We had a smooth departure from Saint Anne, and got on the road heading for Saskatchewan and beyond. Because our days were longer than planned, and some of our gear was damp, we decided to stay in motels for the rest of the trip. Even though we were increasingly efficient at getting going in the morning, and during our breaks and dog feedings, it still took awhile.

One of the big differences from June 2015 was the temperature. In 2015, we minimized stops during the day, because the dog box would get quite warm and we worried about the dogs overheating. In October 2020, though, that was not a concern: we were able to stop for pee breaks and meals, without worrying about the heat.

On a typical day, we would get up early (6:00-7:30 am, depending on how late we arrived the night before), and spend around 90 minutes feeding the dogs, giving each one a little walk, and packing up our gear.
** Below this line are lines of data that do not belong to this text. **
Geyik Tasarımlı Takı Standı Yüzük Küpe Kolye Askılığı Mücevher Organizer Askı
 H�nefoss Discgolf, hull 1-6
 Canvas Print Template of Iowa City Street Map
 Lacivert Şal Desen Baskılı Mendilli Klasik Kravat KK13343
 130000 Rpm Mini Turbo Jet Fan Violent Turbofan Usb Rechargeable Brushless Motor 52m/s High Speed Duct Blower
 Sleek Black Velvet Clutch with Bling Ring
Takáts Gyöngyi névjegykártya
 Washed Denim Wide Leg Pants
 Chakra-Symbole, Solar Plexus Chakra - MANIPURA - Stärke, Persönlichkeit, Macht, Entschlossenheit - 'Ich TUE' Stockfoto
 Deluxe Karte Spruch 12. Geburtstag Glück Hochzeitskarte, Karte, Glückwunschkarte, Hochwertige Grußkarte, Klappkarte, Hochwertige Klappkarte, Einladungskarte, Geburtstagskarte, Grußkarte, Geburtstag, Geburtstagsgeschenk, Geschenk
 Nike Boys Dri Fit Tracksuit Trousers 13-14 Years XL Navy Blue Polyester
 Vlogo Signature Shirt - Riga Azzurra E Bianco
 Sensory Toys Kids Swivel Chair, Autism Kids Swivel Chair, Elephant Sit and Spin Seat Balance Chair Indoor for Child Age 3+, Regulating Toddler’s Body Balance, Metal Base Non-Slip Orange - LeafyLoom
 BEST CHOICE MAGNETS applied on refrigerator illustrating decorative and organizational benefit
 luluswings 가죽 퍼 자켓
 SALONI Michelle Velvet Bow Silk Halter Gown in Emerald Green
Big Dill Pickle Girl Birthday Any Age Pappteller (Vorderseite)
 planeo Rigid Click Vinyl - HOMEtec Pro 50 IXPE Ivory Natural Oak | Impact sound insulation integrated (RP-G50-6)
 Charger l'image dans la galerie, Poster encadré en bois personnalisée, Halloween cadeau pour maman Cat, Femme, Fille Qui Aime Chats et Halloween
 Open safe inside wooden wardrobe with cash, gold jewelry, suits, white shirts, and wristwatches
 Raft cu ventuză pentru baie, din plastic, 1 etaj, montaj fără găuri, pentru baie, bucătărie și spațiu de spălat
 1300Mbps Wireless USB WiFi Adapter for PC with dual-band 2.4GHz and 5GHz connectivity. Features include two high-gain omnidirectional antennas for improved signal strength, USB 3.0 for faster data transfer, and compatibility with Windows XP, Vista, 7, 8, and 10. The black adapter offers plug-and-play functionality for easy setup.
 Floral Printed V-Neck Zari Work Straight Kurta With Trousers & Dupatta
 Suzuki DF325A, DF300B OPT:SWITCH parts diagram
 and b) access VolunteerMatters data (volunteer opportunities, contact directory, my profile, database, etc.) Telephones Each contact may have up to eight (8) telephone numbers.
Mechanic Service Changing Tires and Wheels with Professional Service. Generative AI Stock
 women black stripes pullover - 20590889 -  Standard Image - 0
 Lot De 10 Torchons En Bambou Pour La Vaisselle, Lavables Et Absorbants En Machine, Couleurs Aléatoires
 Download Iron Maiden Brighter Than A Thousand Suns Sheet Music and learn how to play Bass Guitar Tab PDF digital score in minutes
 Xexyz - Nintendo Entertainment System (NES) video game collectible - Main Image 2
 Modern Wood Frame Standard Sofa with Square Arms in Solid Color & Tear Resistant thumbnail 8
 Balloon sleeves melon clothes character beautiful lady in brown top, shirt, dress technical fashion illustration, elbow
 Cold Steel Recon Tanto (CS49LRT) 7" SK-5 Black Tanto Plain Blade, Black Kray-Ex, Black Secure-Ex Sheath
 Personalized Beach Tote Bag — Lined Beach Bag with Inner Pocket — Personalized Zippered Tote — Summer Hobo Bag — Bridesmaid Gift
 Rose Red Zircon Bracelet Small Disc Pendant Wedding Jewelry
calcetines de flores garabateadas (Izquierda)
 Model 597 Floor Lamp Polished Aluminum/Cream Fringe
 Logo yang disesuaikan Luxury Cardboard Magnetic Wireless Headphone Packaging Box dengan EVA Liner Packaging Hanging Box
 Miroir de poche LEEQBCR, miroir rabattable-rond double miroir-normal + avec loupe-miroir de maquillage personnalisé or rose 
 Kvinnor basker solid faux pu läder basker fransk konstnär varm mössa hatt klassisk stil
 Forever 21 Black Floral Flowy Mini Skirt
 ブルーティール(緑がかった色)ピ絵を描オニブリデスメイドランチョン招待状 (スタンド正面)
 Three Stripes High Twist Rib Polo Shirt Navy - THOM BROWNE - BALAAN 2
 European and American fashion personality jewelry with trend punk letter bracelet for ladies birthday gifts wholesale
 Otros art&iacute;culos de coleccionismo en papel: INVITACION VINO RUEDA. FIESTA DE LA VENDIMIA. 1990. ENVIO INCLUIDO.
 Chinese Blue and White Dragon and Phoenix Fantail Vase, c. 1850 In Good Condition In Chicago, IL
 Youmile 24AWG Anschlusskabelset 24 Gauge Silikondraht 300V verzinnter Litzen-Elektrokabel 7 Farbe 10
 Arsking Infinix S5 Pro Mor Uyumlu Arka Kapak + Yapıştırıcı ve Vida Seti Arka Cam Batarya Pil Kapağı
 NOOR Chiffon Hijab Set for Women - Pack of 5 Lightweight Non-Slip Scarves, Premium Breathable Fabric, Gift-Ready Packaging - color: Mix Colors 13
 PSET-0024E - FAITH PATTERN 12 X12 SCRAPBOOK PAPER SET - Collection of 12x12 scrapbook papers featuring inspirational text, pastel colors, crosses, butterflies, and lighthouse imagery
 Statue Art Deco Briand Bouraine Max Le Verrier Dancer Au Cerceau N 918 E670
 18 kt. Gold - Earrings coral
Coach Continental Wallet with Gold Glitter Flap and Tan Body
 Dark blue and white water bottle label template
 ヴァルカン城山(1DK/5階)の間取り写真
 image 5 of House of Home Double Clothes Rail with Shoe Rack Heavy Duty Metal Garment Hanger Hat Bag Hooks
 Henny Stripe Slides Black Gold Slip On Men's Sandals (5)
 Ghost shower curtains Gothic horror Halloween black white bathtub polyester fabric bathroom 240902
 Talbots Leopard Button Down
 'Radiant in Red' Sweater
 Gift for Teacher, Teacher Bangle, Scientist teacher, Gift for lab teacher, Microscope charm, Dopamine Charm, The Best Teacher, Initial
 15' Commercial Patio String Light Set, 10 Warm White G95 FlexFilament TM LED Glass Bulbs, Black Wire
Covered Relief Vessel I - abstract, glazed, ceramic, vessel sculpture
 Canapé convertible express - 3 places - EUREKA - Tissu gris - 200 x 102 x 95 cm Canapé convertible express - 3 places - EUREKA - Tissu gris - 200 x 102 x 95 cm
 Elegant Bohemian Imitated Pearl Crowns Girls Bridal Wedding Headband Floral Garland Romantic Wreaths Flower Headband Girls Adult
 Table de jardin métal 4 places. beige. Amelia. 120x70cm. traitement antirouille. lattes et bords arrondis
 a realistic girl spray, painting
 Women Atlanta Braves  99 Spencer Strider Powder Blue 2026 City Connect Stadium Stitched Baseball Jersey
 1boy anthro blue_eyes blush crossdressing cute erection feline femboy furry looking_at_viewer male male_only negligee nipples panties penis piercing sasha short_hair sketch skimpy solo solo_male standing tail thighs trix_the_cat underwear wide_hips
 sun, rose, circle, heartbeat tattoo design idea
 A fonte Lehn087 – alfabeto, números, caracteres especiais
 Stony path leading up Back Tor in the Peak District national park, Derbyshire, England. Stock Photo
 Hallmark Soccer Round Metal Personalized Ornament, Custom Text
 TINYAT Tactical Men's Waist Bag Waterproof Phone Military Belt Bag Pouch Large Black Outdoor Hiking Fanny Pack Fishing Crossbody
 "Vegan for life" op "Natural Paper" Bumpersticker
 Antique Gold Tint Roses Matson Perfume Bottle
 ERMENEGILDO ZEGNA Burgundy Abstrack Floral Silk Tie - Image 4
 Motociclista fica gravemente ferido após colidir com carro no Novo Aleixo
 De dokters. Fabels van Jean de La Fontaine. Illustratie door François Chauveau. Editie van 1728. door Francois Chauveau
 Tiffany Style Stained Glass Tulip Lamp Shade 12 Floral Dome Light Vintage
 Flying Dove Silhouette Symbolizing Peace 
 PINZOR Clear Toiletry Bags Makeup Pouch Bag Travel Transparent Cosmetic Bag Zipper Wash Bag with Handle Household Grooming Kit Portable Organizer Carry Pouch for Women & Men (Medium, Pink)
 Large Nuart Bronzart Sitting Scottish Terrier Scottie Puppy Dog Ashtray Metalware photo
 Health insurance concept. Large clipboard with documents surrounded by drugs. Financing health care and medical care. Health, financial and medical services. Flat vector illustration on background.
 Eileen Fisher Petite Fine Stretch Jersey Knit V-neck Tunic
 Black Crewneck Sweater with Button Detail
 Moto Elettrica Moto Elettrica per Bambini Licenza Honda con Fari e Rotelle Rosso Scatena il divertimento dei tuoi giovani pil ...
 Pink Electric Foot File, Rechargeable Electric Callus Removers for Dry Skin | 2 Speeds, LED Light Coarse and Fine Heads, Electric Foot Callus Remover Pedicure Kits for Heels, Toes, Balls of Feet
Getting the dogs out of their boxes involved hooking up some chains to the truck and trailer, then lifting each dog out onto his or her chain. We’d bring around bowls of water, and then food. Every dog got a little walk, often both before and after their meals.

On Tuesday, our destination was near Dafoe, SK. This was a roadside travel motel (the 24/7 Travel Centre) catering to truckers, alongside a railroad loading area for grain. We were seeing a whole lot of grain fields, and lots of farming industry, in Canada’s heartland.

Early in the day, the small utility trailer being towed by the Subaru had a blow-out 84km from Brandon, Manitoba. The tires on this trailer were over 5 years old, and had spent much of that time out of doors. We had a spare, which was also 5 years old but had never been used and had been stored in a garage.

Changing the tire would be easy, if we had the needed tools. Unfortunately, in the packing frenzy, all of Greg’s “must be easily accessible” items were packed deeply in the truck. We had a jack and a spare, but no tire iron or impact wrench to remove the lug-nuts.

It was time to call a tow truck for help. Surprise! There was a mechanic literally at the next turn off the highway, only 1/2 km away. He came to us, and within a few minutes the tire was changed and we were on the way again.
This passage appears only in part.